By Lyle Dennis, JD, Cavarocchi – Ruscio – Dennis Associates, Consultants to AASLD
Between the day this article is written and the day you are reading it, the Department of Health and Human Services (HHS) will be holding a “listening session” on the next iteration of the National Viral Hepatitis Action Plan that governs the Department’s actions with regard to addressing the epidemic of viral hepatitis.
This session follows on a nationwide conference call held earlier this year and will be followed by a Request for Information (RFI) to be published in the Federal Register in the coming months asking for written comments on the plan.
AASLD has been monitoring this activity and is in frequent contact with the Office of HIV/AIDS and Infectious Disease Policy (OHAIDP), which is located in the Office of the Assistant Secretary for Health (OASH). Late last year, the leadership of the Association met with the Assistant Secretary, Dr. Brett Giroir, in his office in Washington and the office’s Chief Medical Officer, Dr. Vanila Singh, spoke at a session at The Liver Meeting® in San Francisco.
When the RFI is published, the Public Policy Committee (working through its viral hepatitis subcommittee) will draft comments for review by the full PPC and then by the Governing Board that will become AASLD’s official submission on this process.

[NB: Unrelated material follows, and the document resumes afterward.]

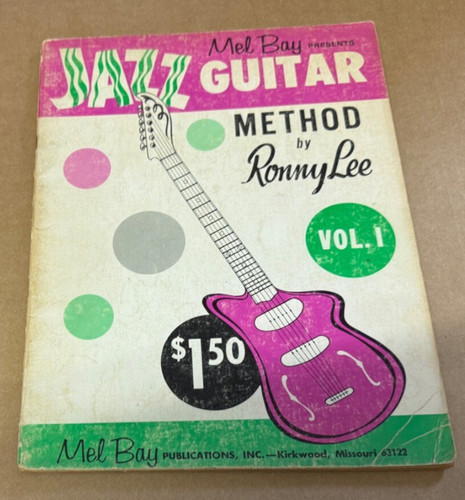 Jazz guitar method vol - jazz, 1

The development of direct acting agents (DAAs) a few years ago, combined with the availability of a vaccine for hepatitis B, held out promise for the rapid diminishment of viral hepatitis. But the onset of the opioid epidemic led to a rapid increase in injection drug use – and all that that means for the spread of hepatitis.
This combination of factors makes the development of a new and updated NVHAP all the more critical. In our meeting with Dr. Giroir, he made it clear how much he personally and the Office more broadly, values AASLD’s input and assistance.
And on Another Front…
With the completion of the last of the FY19 appropriations bills, Congress is ready to turn its attention to FY20. The 35-day government shutdown delayed the introduction of the administration’s budget to Congress – since two-thirds of the employees of the Office of Management and Budget (OMB) were among those furloughed during the shutdown.

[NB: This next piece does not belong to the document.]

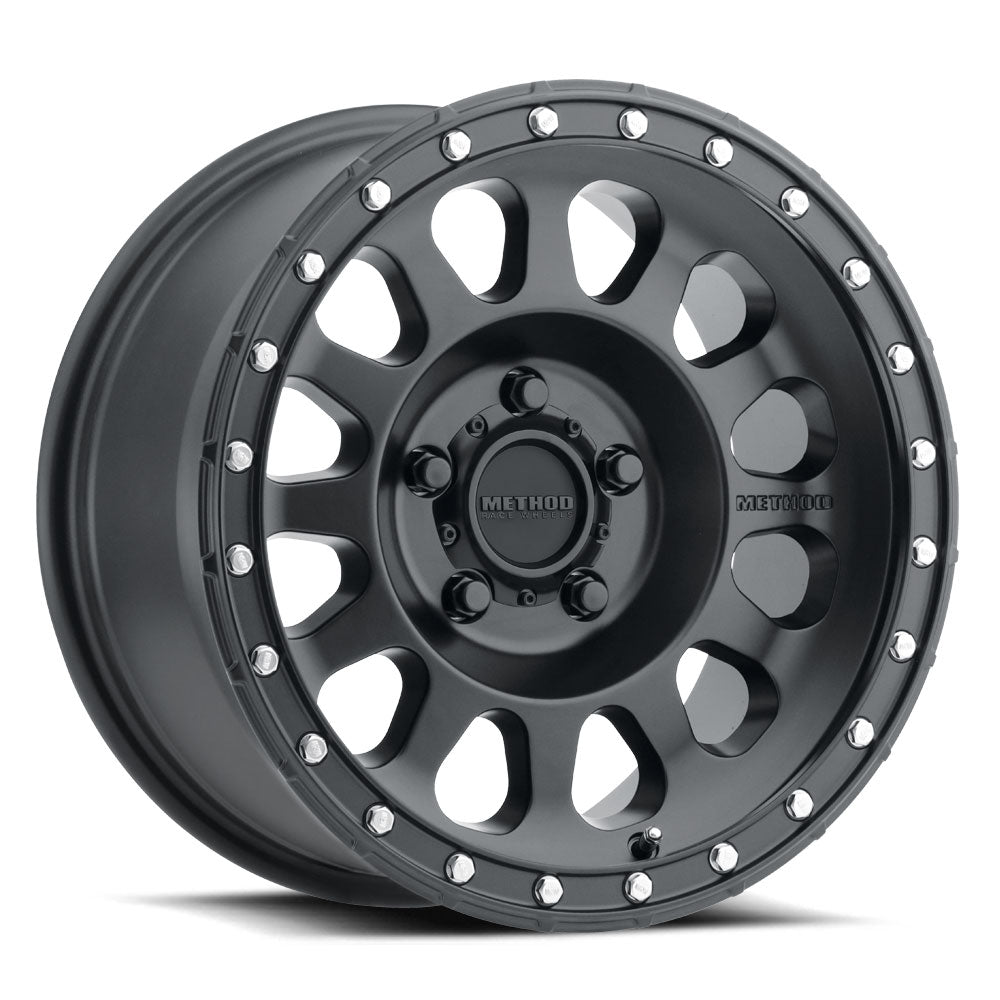 Method 315 17x9 5x127 (5x5) -12mm Matte Black MR31579050512N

We now expect to see that document on March 11. It will, of course, be declared “dead on arrival” in Congress which is not about to accept up to $55 billion in cuts to non-defense spending, which the budget is likely to promote.

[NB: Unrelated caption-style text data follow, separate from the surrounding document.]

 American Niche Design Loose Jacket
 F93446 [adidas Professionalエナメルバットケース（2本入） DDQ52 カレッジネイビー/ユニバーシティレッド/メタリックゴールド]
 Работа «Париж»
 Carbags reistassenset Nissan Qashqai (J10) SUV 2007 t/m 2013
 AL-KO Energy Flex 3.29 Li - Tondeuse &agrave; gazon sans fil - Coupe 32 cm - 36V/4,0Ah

The health research advocacy community, of which AASLD is part, is seeking an increase in NIH’s funding of $2.5 billion, up to $41.6 billion, or a 6.4 percent increase. Before that can happen, Congress will have to raise the statutory budget caps that were enacted in 2011 to provide room for the additional funds. It will likely be another full year of wrangling between the Congress and the Administration before the issue is resolved. As they say, watch this space!